Stored records =
'''

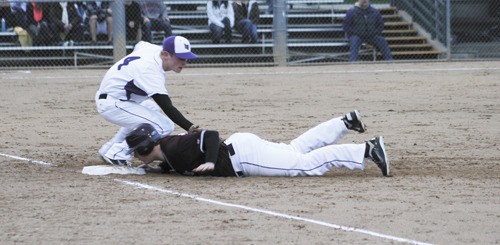 Lake Washington's Zach Johnson tries to tag out Mercer Island's Max Dammeier at first base during the Kangs 12-11 extra inning win over the Islanders on April 8.
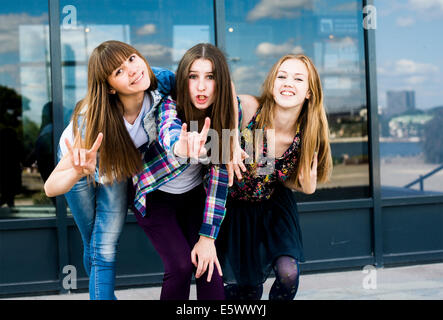 Three young women leaning forward in a row and making I love you hand gesture Stock Photo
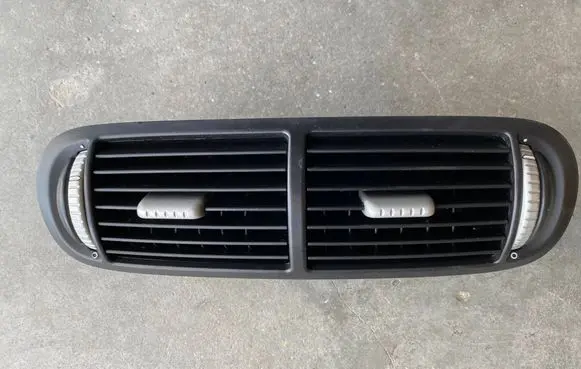 Porsche Cayenne (9PA) Dash center air vent grill 7L5819727B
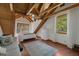 Bright bedroom with wood floors, a seating area, and an abundance of natural light at 14206 Walden Sheffield Rd, Dover, FL 33527
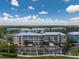 Aerial view of colorful condominium complex with mature trees and ample parking on a sunny day at 8403 Placida Rd # 205, Placida, FL 33946
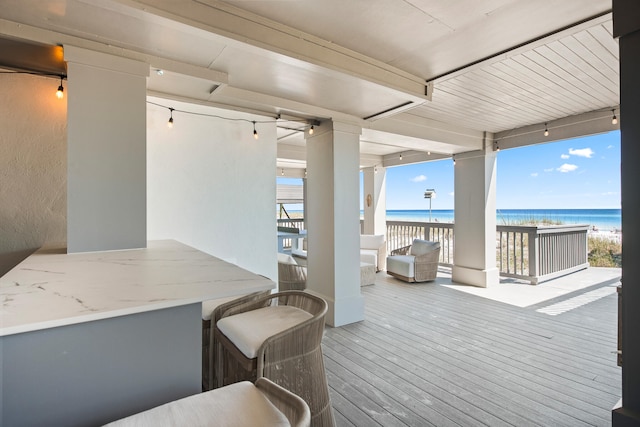 wooden deck featuring a beach view and a water view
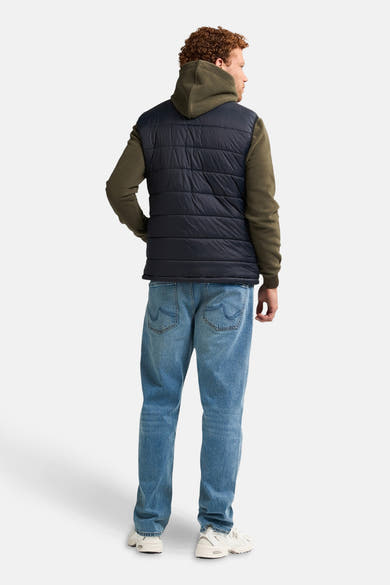 Zwart mouwloos jack van Petrol Industries®, gedragen over een hoodie en een casual spijkerbroek.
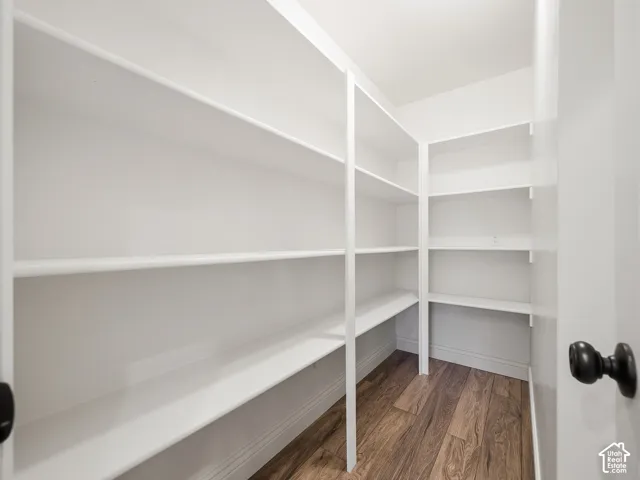 Walk-in pantry featuring expansive white shelving and wood-finish flooring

'''

WHAT YOU HAVE TO DO = Please output every entry exactly as written, apart from the pictures.

ANSWER TO THIS TASK =
 Lake Washington's Zach Johnson tries to tag out Mercer Island's Max Dammeier at first base during the Kangs 12-11 extra inning win over the Islanders on April 8.
 Three young women leaning forward in a row and making I love you hand gesture Stock Photo
 Porsche Cayenne (9PA) Dash center air vent grill 7L5819727B
 Bright bedroom with wood floors, a seating area, and an abundance of natural light at 14206 Walden Sheffield Rd, Dover, FL 33527
 Aerial view of colorful condominium complex with mature trees and ample parking on a sunny day at 8403 Placida Rd # 205, Placida, FL 33946
 wooden deck featuring a beach view and a water view
 Zwart mouwloos jack van Petrol Industries®, gedragen over een hoodie en een casual spijkerbroek.
 Walk-in pantry featuring expansive white shelving and wood-finish flooring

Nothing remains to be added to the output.